«Educare i giovani al digitale? Certo, ma prima gli adulti preparino sé stessi»: non fa giri di parole, don Antonio Mazzi, fondatore della comunità Exodus e protagonista venerdì al teatro Zandonai alla prima giornata del festival “Informatici senza frontiere” di Rovereto.
Don Mazzi, nel suo intervento ha parlato dell’esigenza di una nuova educazione per le generazioni digitali. Da dove partire?
Non sono le maledizioni né le proibizioni a risolvere i problemi. Ci sono strumenti e mezzi nuovi. Dobbiamo educare i nostri ragazzi a capirli e a usarli bene e fare il possibile perché divengano strumenti utili, non solo dal punto di vista tecnico, ma anche da quello culturale. Non dobbiamo convincerci del fatto che i ragazzi usino questi mezzi solo per le porcherie. Dobbiamo mettere sul tavolo il problema con gli aspetti negativi, ma anche con quelli positivi.
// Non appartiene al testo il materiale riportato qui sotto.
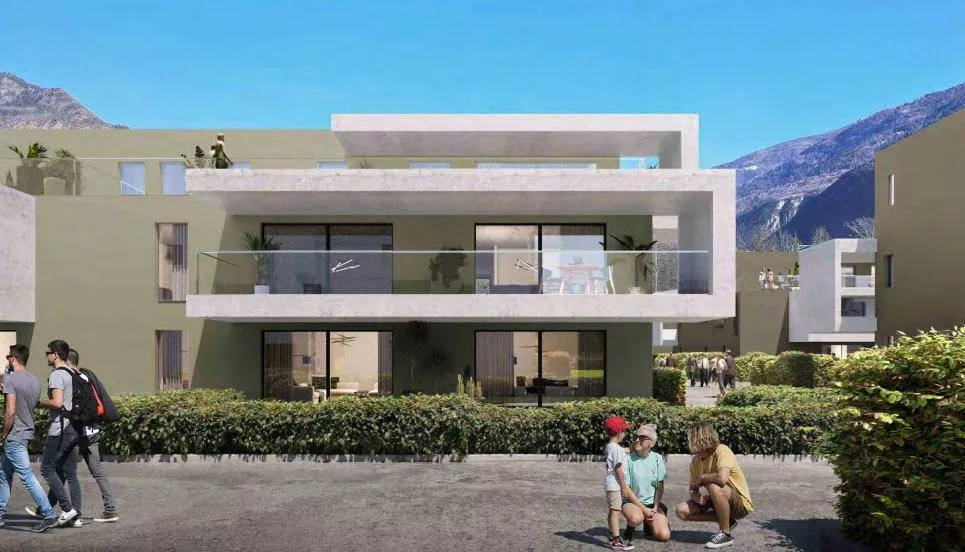 Uvrier - Appartement en attique de 4.5 pièces à Uvrier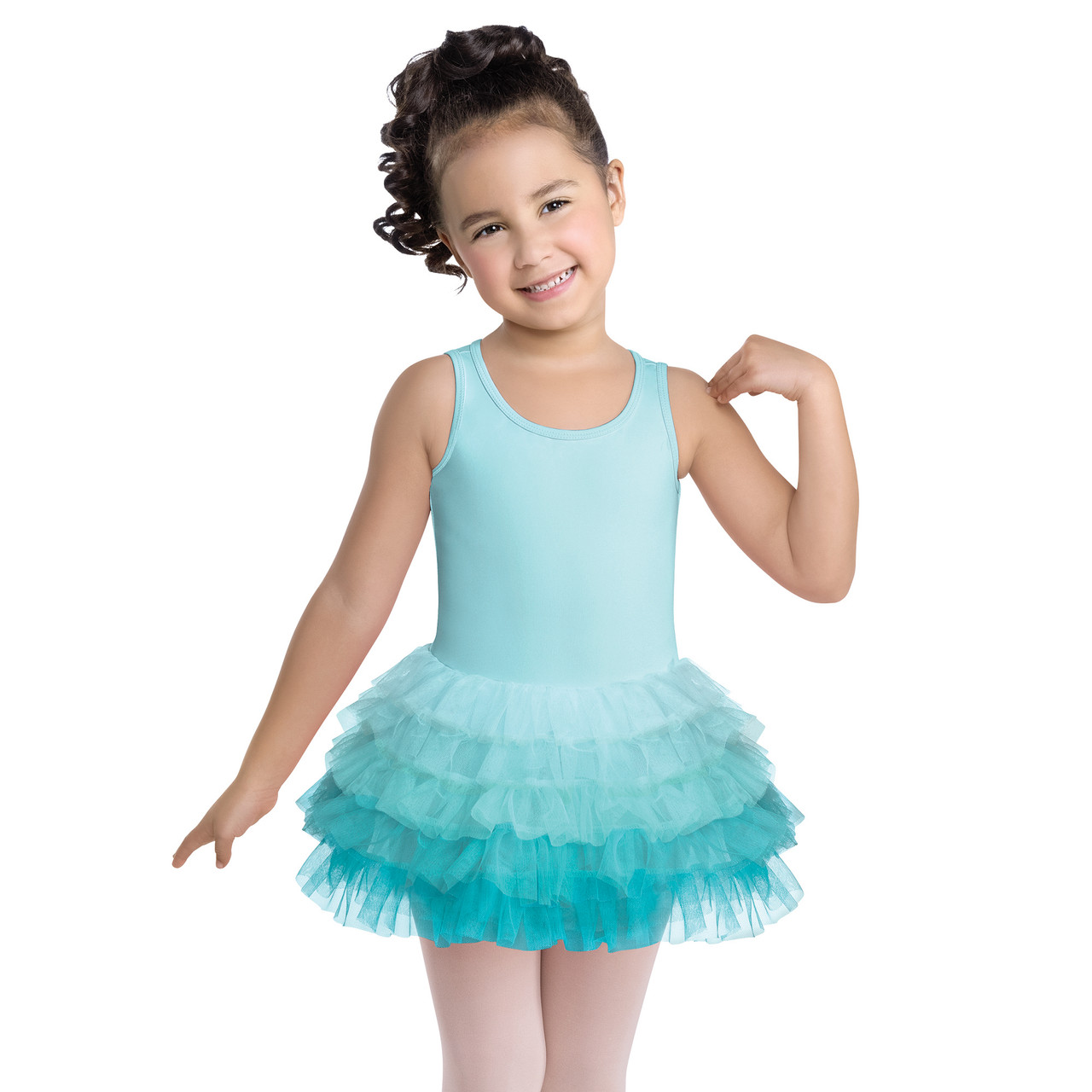 RD20024 | Tank Ruffle Dress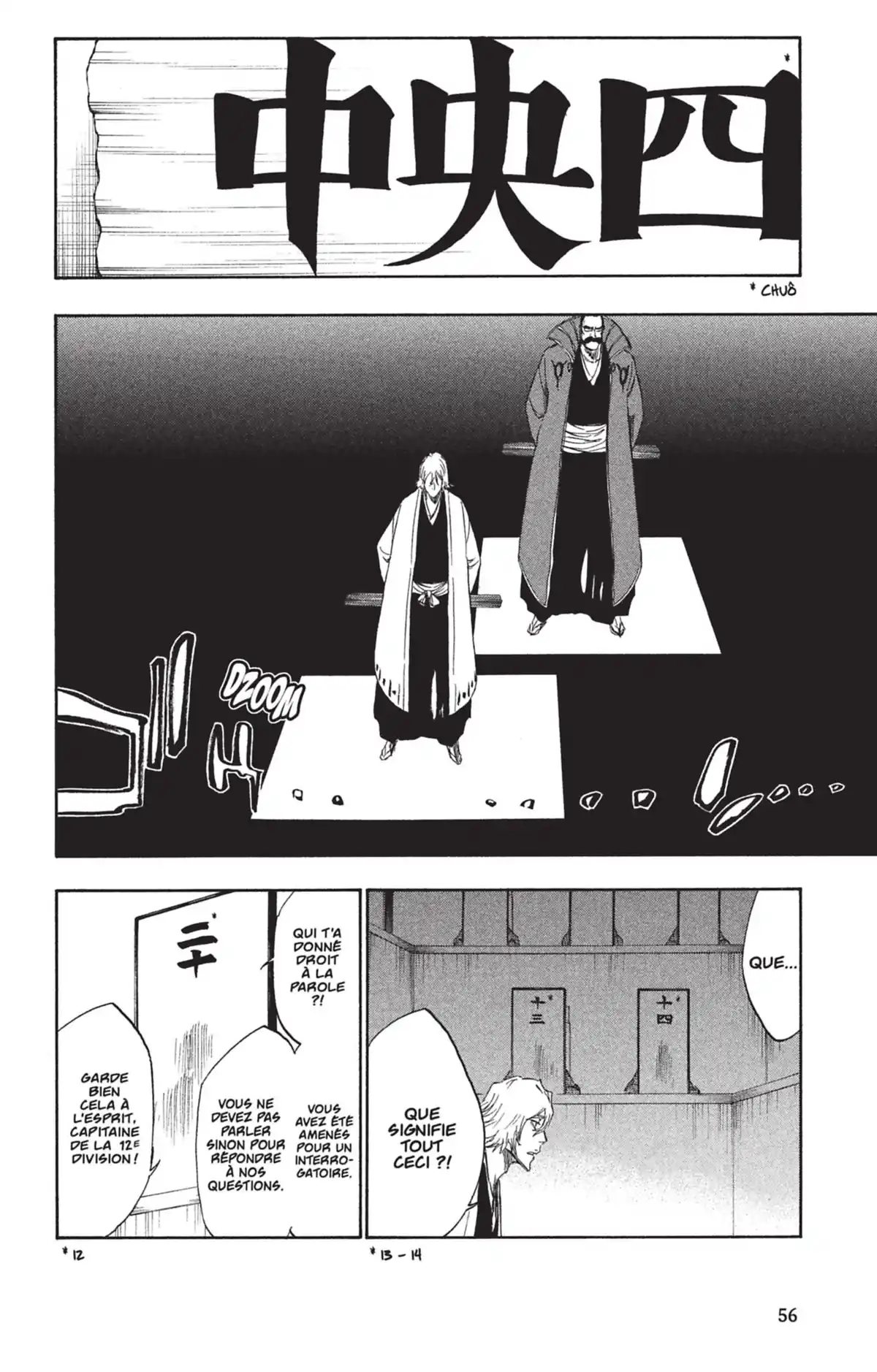 Bleach Volume 37 page 56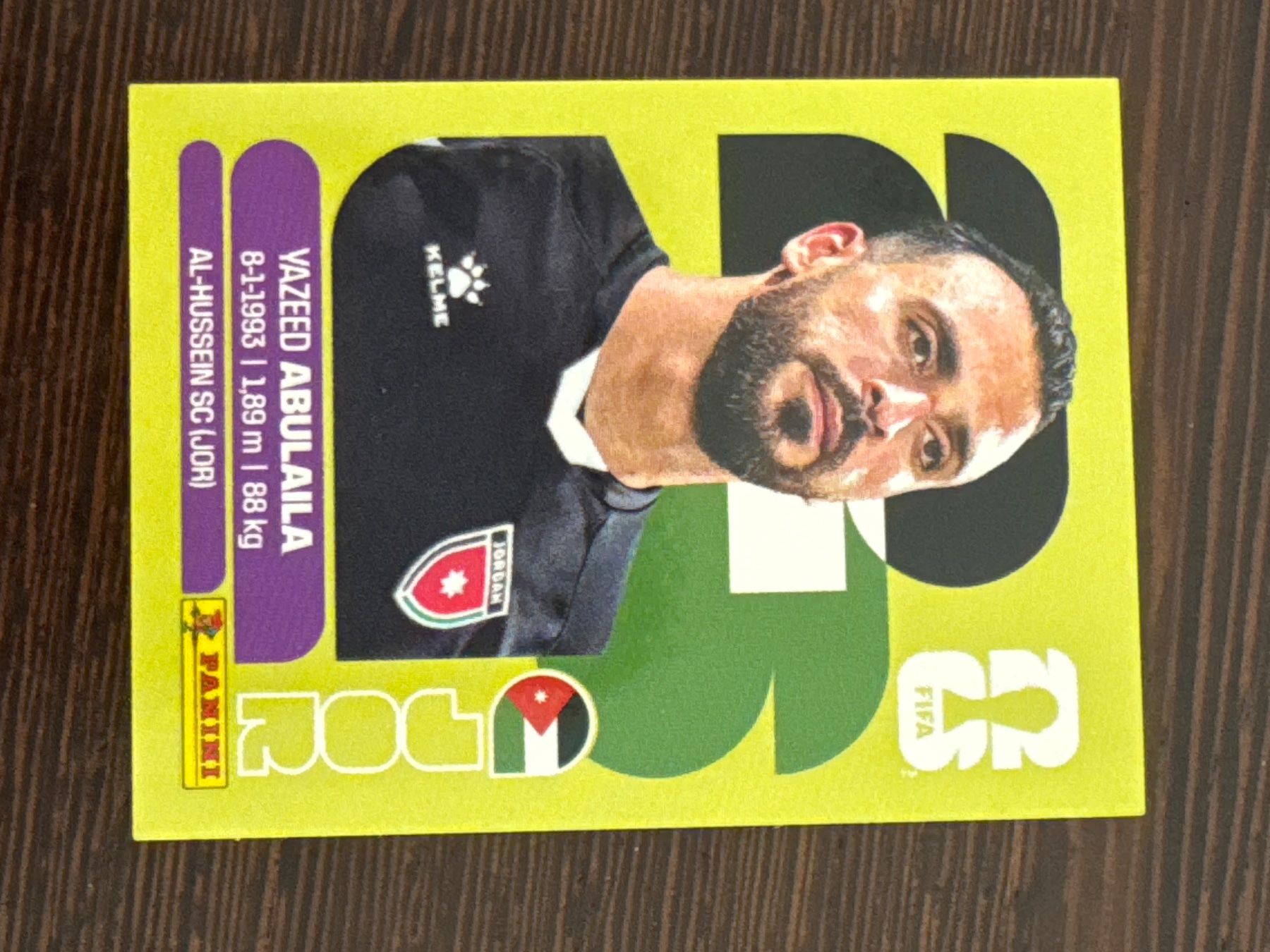 Panini Sammelbilder & Trading cards: Panini FIFA WM 2026 JOR 2 – Neu (gemäss Beschreibung) aus Zofingen von Tho66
Come indirizzare i giovani verso la “retta via”?
Molti giovani non sanno scegliere perché noi siamo i primi a non scegliere. Diciamo dei “sì” e diciamo dei “no”, ma in una maniera che non corrisponde al tipo di comunicazione di cui hanno bisogno. Con i giovani si deve parlare in modo semplice e molto chiaro. Serve un metodo, serve fiducia e serve un atteggiamento propositivo: queste sono l’educazione e la civiltà di domani. Non torneremo a carta, penna e calamaio, dobbiamo regolarci di conseguenza.
Partendo dalla scuola?
Si parte certamente dalla scuola, ma poi c’è il doposcuola e c’è la sera quando i ragazzi sono chiusi da soli in camera. Dobbiamo anzitutto maturare e dire a noi stessi dei “sì” e dei “no”. Se ce li diciamo noi, poi le indicazioni che usiamo le usiamo alla luce della coscienza che abbiamo. Dedichiamo troppo poco tempo a parlare con i nostri ragazzi e a ragionarci assieme».
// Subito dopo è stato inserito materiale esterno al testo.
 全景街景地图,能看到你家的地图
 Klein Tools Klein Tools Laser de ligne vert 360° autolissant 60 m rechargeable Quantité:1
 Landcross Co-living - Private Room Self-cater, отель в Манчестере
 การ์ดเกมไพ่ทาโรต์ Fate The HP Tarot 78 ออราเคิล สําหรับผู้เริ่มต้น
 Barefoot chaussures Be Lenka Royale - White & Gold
Dunque, meglio partire dagli adulti.
Certo. Se in una squadra ci sono problemi, prima di arrabbiarsi con i giocatori bisogna arrabbiarsi con l’allenatore, che non sa gestire lo spogliatoio, che non sa dare le giuste direttive. Spesso il problema è che noi adulti siamo più immaturi dei nostri figli. Dobbiamo metterci in gioco, con l’obiettivo di arrivare a essere più chiari, più pazienti e più dialoganti con i giovani. Un adulto non può non essere educatore, altrimenti è diventato solo vecchio. Poi i giovani possono sbagliare e sbaglieranno, come sbaglia un neopatentato quando gli diamo la macchina.
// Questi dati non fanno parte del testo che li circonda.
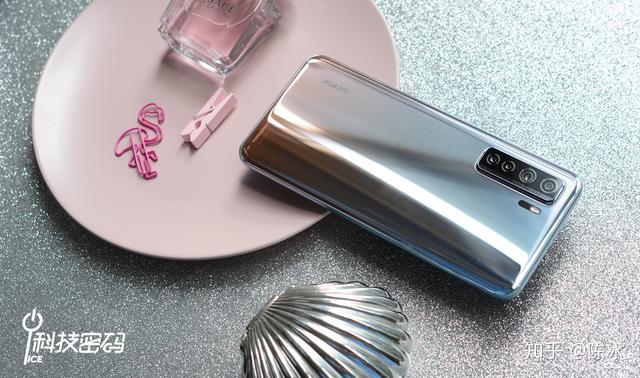 晶莹剔透内外兼修华为nova7se银月星辉图赏简评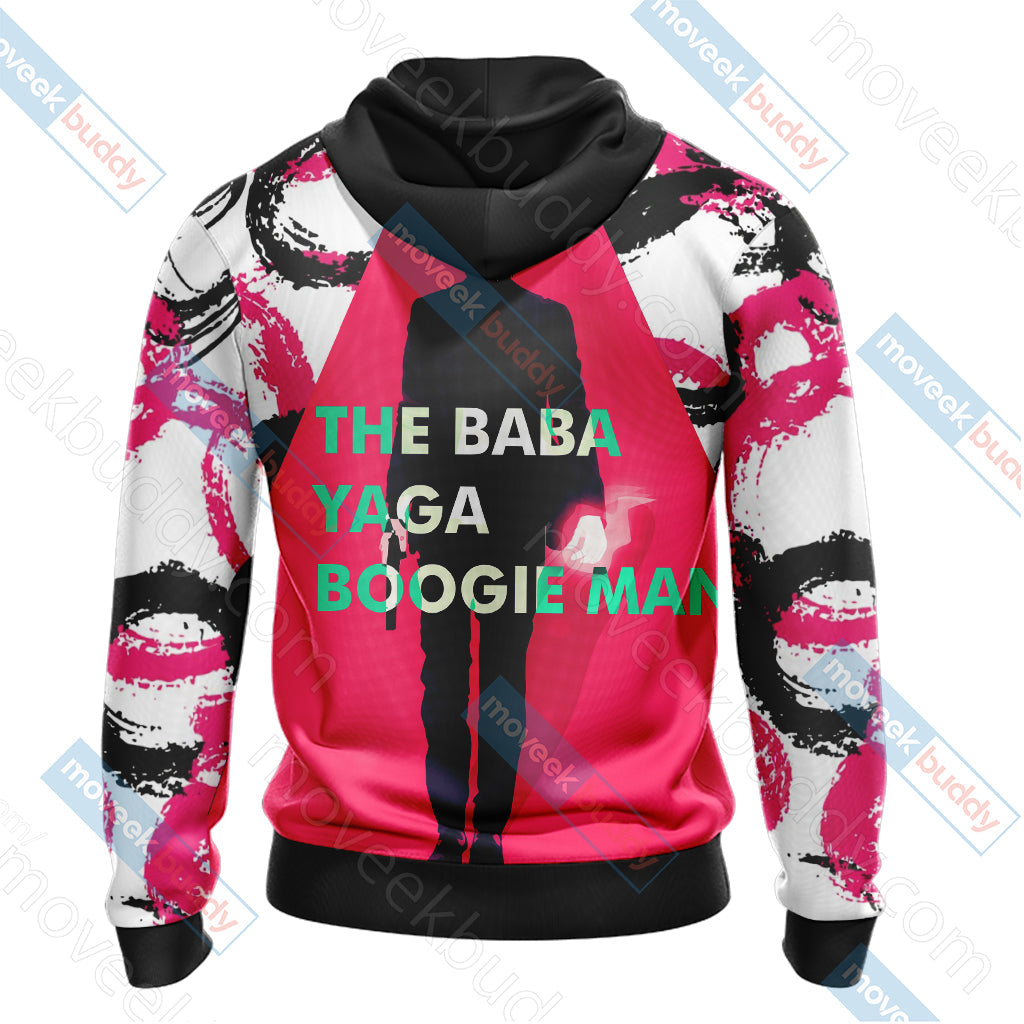John Wick - The Baba Yaga Boogie Man Unisex 3D T-shirt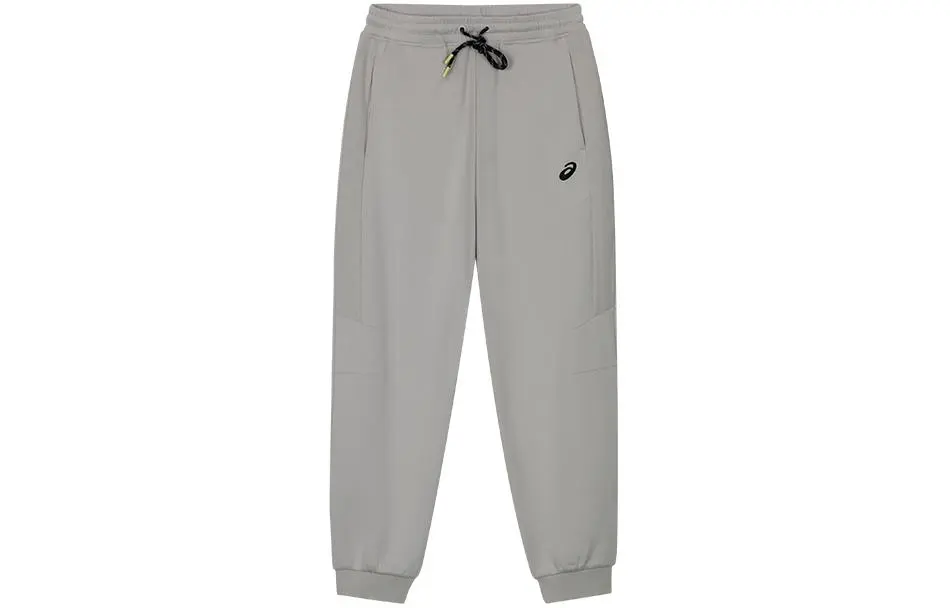 Asics Knitted Sweatpants Men's Gray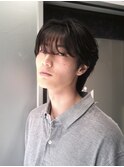 ニュアンスパーマスペインカールフェザーパーマメンズパーマ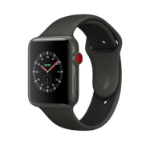 Apple Watch Edition OLED 42 mm Digital 312 x 390 pixels Touchscreen 4G Grey Wi-Fi GPS (satellite)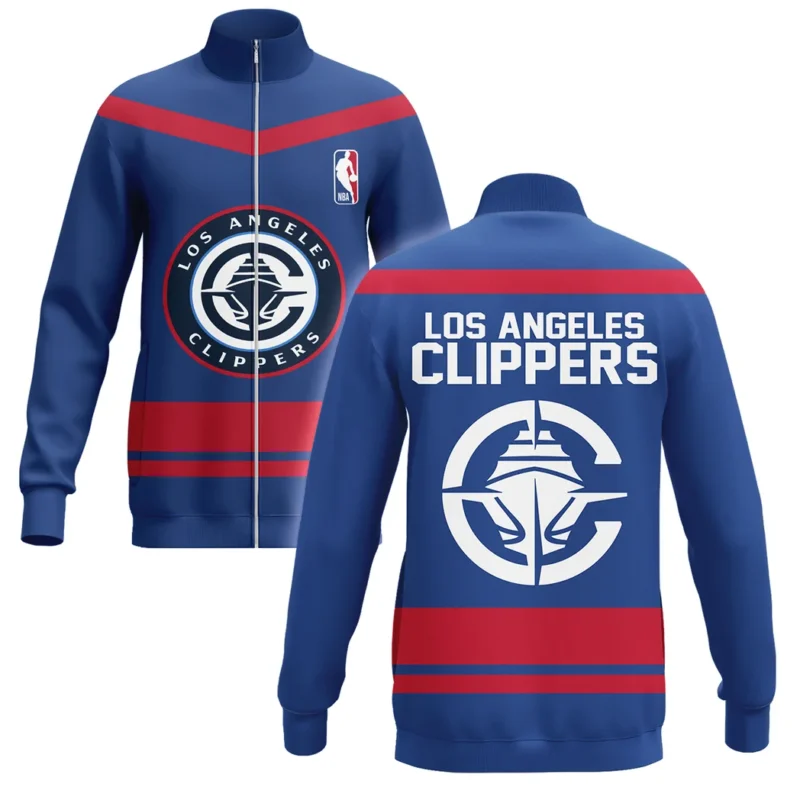 Basketball Stand Collar Jacket NBA 2025 For Fan Basketball HVN1055LAC060725SCJ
Come Exodus come gestite i casi di dipendenza “digitale”?
Occorre essere sereni. Non andare a fare la guerra o presentarsi come dottori che sanno tutto. Dobbiamo trovare l’umiltà e la pazienza senza le quali giustamente non siamo rispettati né accettati. Ci impiega una stagione a maturare una ciliegia, figuriamoci – conclude don Mazzi – una persona.